No. 2 Senate Republican John Cornyn of Texas unveiled the legislation in the wake of last month's mass shooting in a Louisiana movie theater by a gunman with mental problems. That and other recent firearms attacks have called attention to holes in the background check system and programs for people with psychological difficulties.

Cornyn said that while past bills have been designed to "drive a political wedge" on the issue, his was aimed at helping people with mental health issues to "hopefully pre-empt them from committing an act of violence." The bill's prospects are uncertain,

The bill's background check provisions are far weaker than Senate legislation that Republicans and the NRA killed two years ago; that legislation would have required the checks for firearms bought at gun shows and online. Cornyn has an A-plus voting rating from the NRA, which has long impeded gun restrictions in Congress but has backed some efforts to make it harder for mentally ill people to purchase weapons.

Currently, background checks are required only for sales by federally licensed gun dealers.

People who have been legally ruled "mentally defective" or been committed to mental institutions are already barred from buying firearms. But states are not required to send those records to the FBI-run federal database, leaving it uneven.

Under Cornyn's bill, states sending at least 90 percent of their records on people with serious mental problems to the federal background check database would get law enforcement grant increases of up to 5 percent. States providing less than that could see grants cut by similar amounts.

Gun-control advocates said the measure should have expanded background checks to online and gun show sales. They also complained that the bill would let some people discharged from involuntary psychiatric treatment, who currently need court approval to buy firearms, immediately purchase guns.

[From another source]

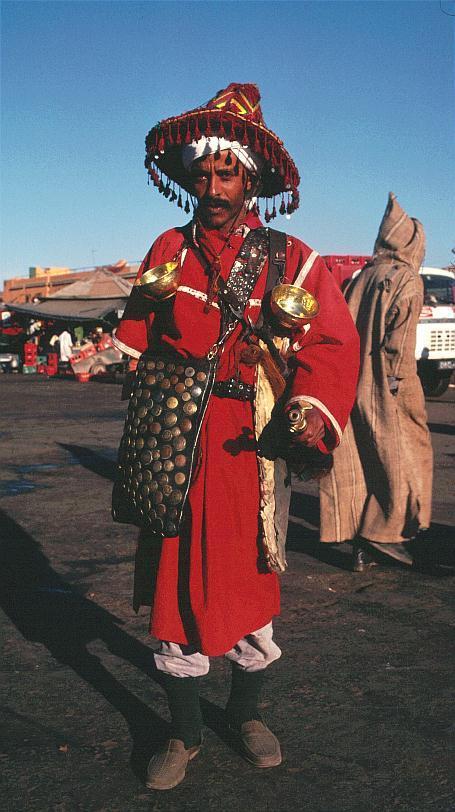 DAG-TILL-DAG PROGRAM Dag 1: Resan startar på eftermiddagen på flygplatsen i Marrakech. Efter att gruppen samlats åker vi till vårt hotell och checkar in.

The bill would also require court action before barring gun purchases by veterans declared incompetent by the Veterans Affairs Department. Currently, such veterans cannot obtain weapons.

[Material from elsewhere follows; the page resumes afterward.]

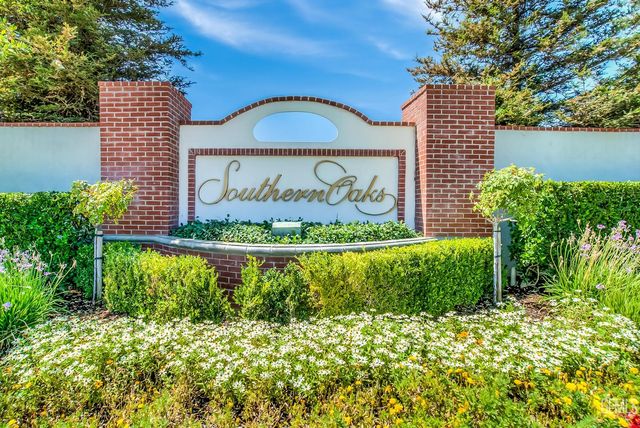 10200 Barnes Drive, Bakersfield, CA 93311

"Senator Cornyn would make it easier, not harder for seriously mentally ill people to access guns," said Arkadi Gerney, a gun policy expert for the liberal Center for American Progress.

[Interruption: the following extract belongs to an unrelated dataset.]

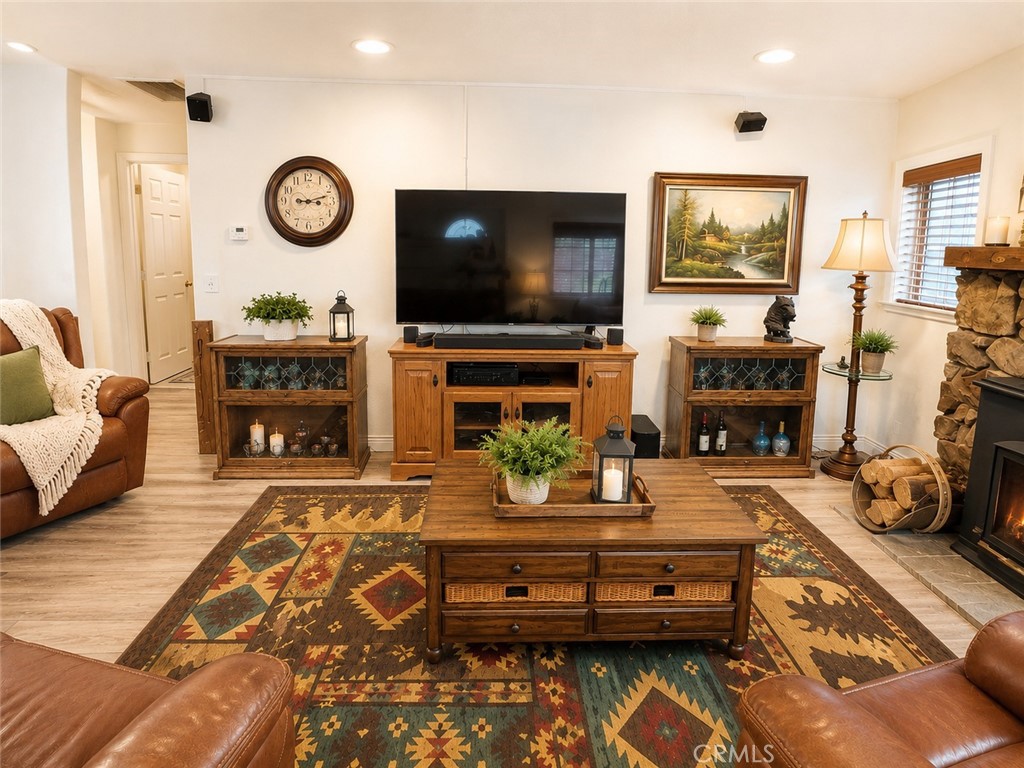 39893 Forest Road Property Photo 4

The bill would give state and local governments more flexibility to use federal funds to screen for prisoners' mental problems and improve training for law enforcement officers and others on handling emergencies involving the mentally ill. It also would let civil judges order outpatient treatment for people with mental problems short of committing them to institutions.

Two weeks ago, John Russell Houser killed two people and wounded nine at a theater in Lafayette, La. Mental problems that his family knew about had not been sent to the background check system, and he bought the gun at a shop in Alabama. Police said Houser killed himself after a confrontation.

Dylann Roof, charged in June's massacre of nine people at a historically black church in Charleston, South Carolina, bought his gun after an FBI background check examiner didn't discover that Roof had been arrested for possessing illegal drugs, authorities said. That should have blocked his purchase.

On Monday, Sen. Chuck Schumer, D-N.Y., introduced legislation providing extra federal money to states sending a broad range of data to the federal system, including information about the mentally ill, violent criminals and domestic abusers.

https://news.yahoo.com/no-2-senate-...gun-background-check-125856422--politics.html
 
Re: Leading GOP senator offers bill on guns, mental health

Leading GOP senator offers bill on guns, mental health
By ALAN FRAM
August 5, 2015 6:51 PM


Considering the make up of the republican/gun nut/NRA owned majority congress, I'll give it a snowball's chance in hell to get anywhere near a final vote.

Trump is causing the GOP to trying anything to get some control, as if they ever had any over the Tea Bagger based republican majority in the congress back.